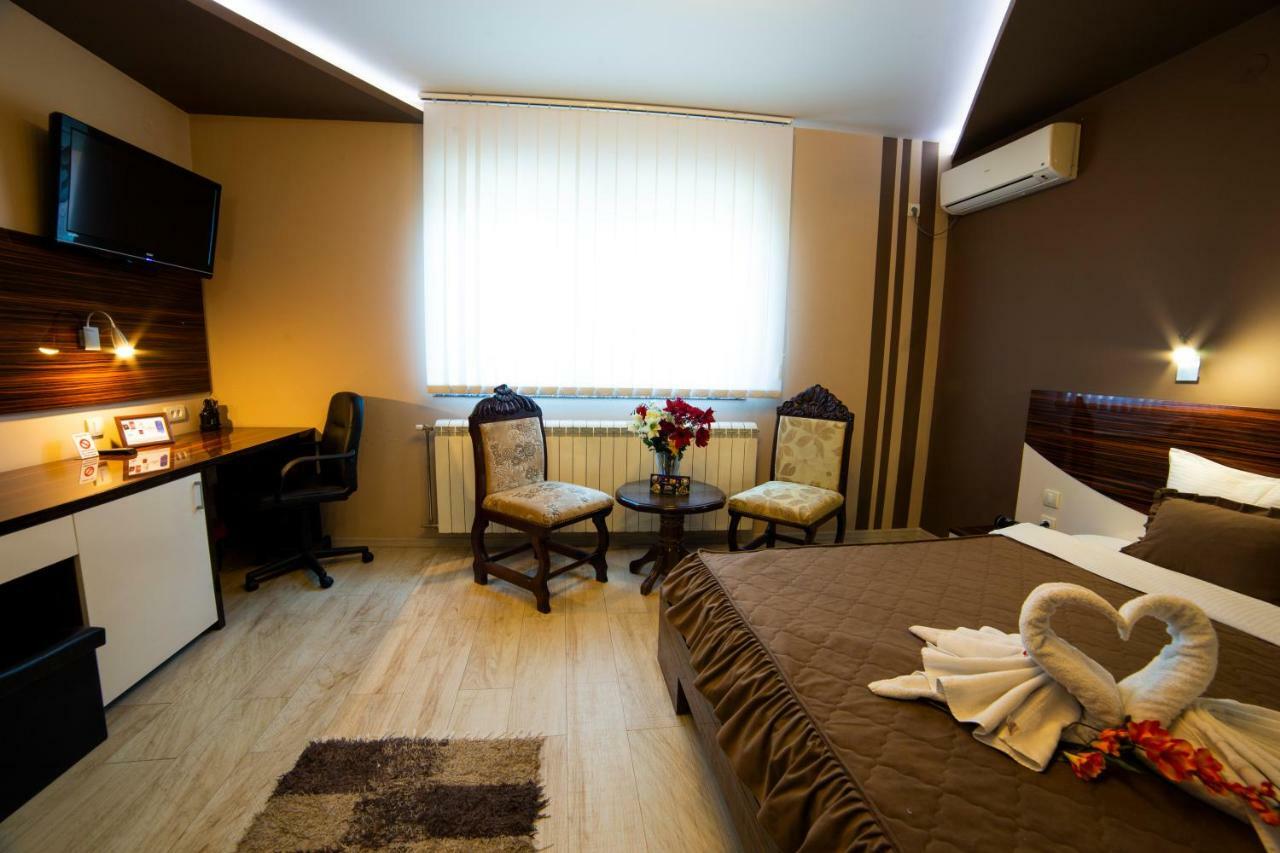 Garni Hotel Lama Kragujevac Zewnętrze zdjęcie
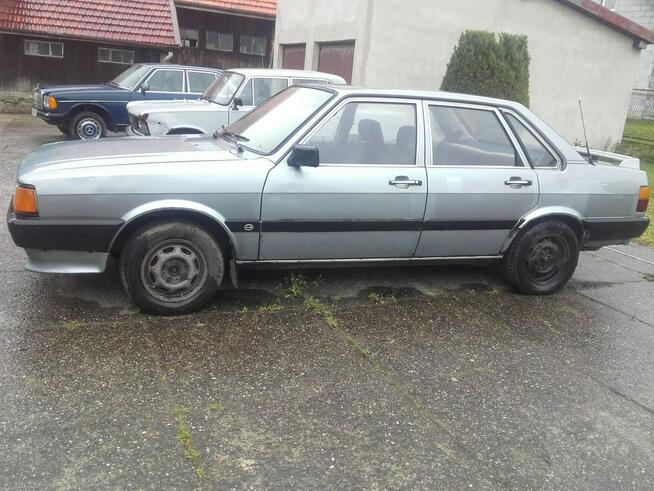 Audi 80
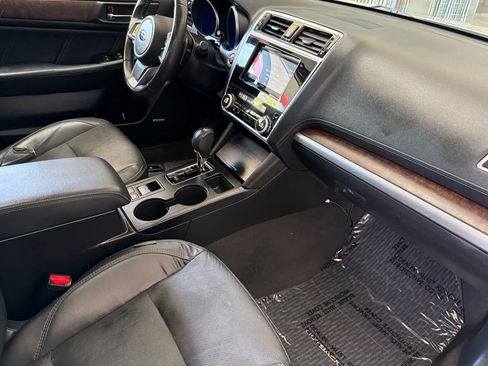 Used 2019 Subaru Outback 2.5i Limited w/ Popular Package #2 AWD/4WD image 16
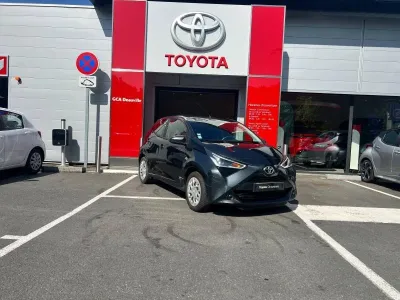 TOYOTA Aygo 1.0 VVT-i 72ch x-play 5P MY19 occasion 2020 - Photo 3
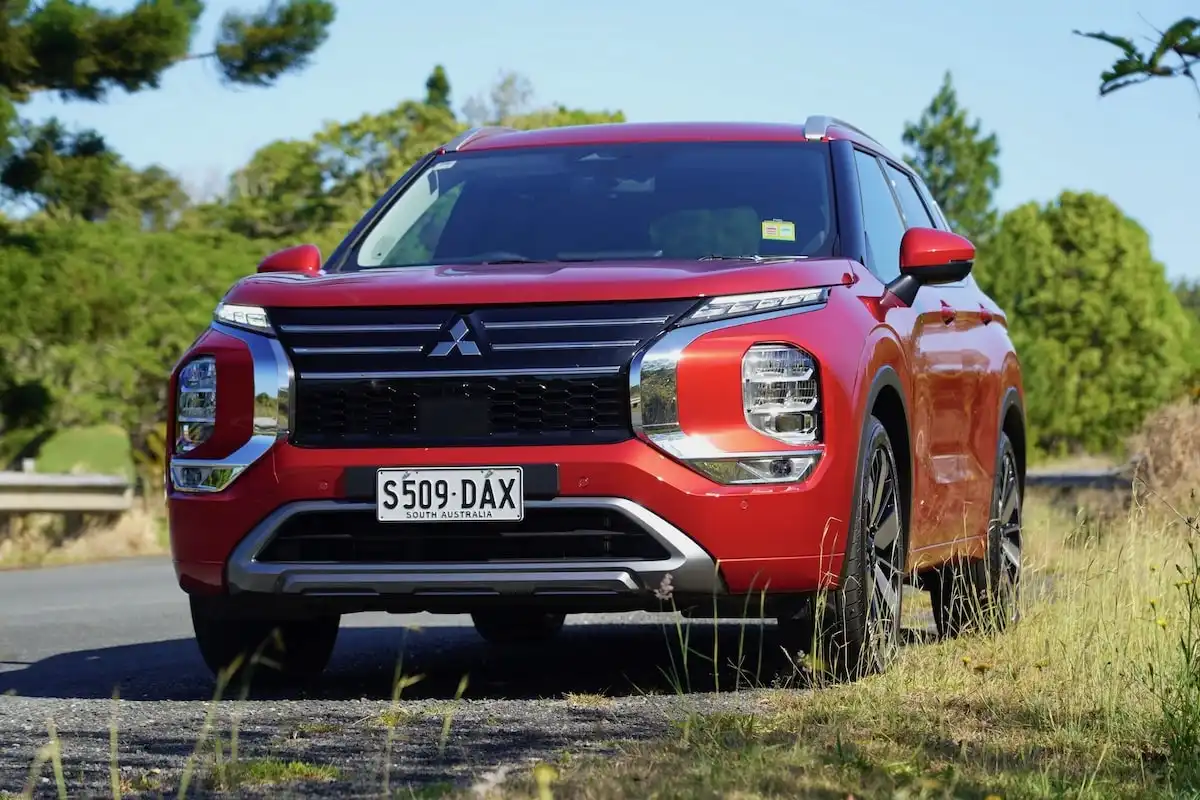 2025 mitsubishi outlander exceed headlights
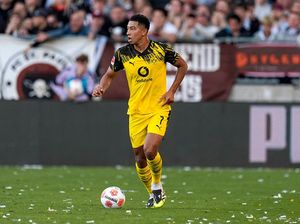 Aturan Baru Dortmund: Keluarga Pemain Dilarang ke Ruang Ganti! Aturan Baru Dortmund: Keluarga Pemain Dilarang ke Ruang Ganti!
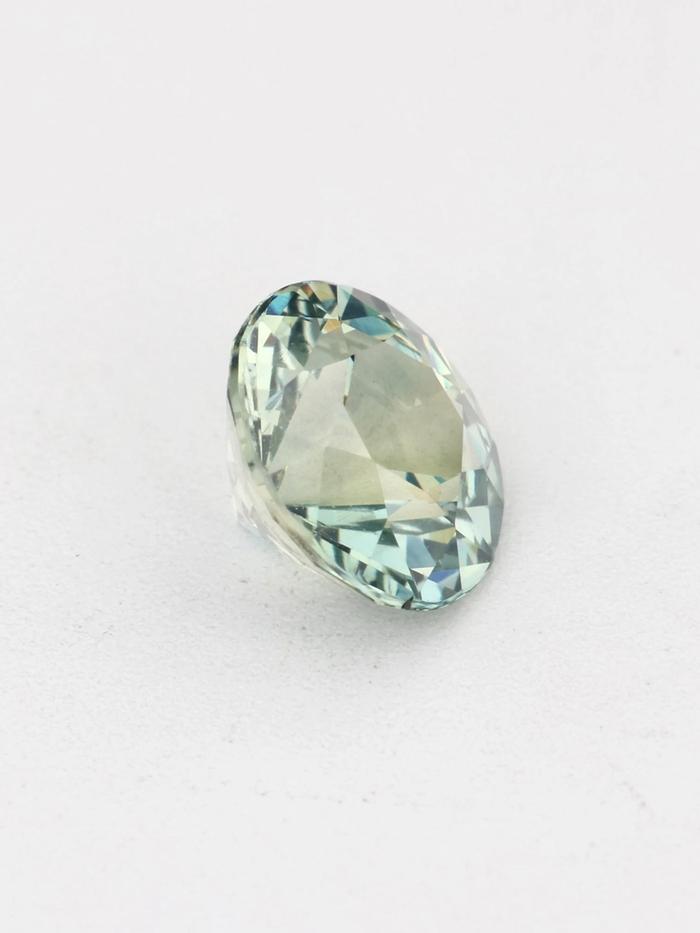Nangi fine jewelry - green gemstone in gold
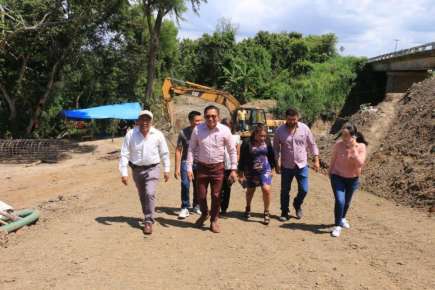 Más de 150 mil pobladores de Tihuatlán y Tuxpan se beneficiarán con obras carreteras: Genaro Ibáñez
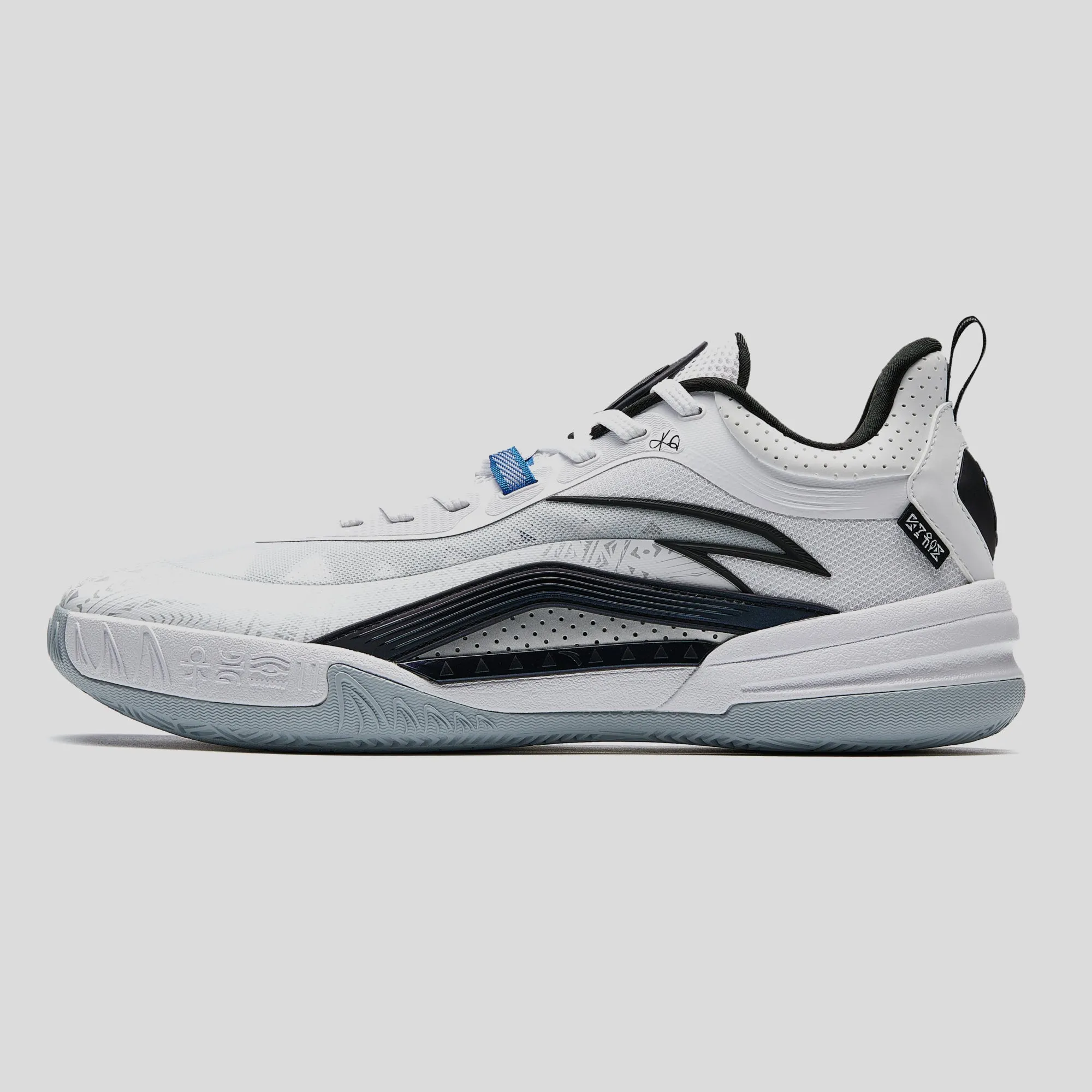 running with a lugged outsole ANTA KAI 1 TEAM Cushioned Design Concept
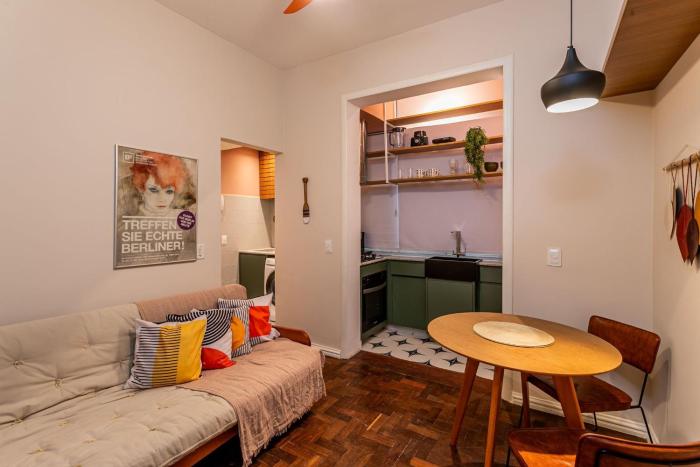 Moderno Quarto & Sala em Copacabana | GAP 14303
....
_About this exercise_
Without the pictures, reproduce every entry exactly as written.

_Written solution_
 Garni Hotel Lama Kragujevac Zewnętrze zdjęcie
 Audi 80
 Used 2019 Subaru Outback 2.5i Limited w/ Popular Package #2 AWD/4WD image 16
 TOYOTA Aygo 1.0 VVT-i 72ch x-play 5P MY19 occasion 2020 - Photo 3
 2025 mitsubishi outlander exceed headlights
 Aturan Baru Dortmund: Keluarga Pemain Dilarang ke Ruang Ganti! Aturan Baru Dortmund: Keluarga Pemain Dilarang ke Ruang Ganti!
Nangi fine jewelry - green gemstone in gold
 Más de 150 mil pobladores de Tihuatlán y Tuxpan se beneficiarán con obras carreteras: Genaro Ibáñez
 running with a lugged outsole ANTA KAI 1 TEAM Cushioned Design Concept
 Moderno Quarto & Sala em Copacabana | GAP 14303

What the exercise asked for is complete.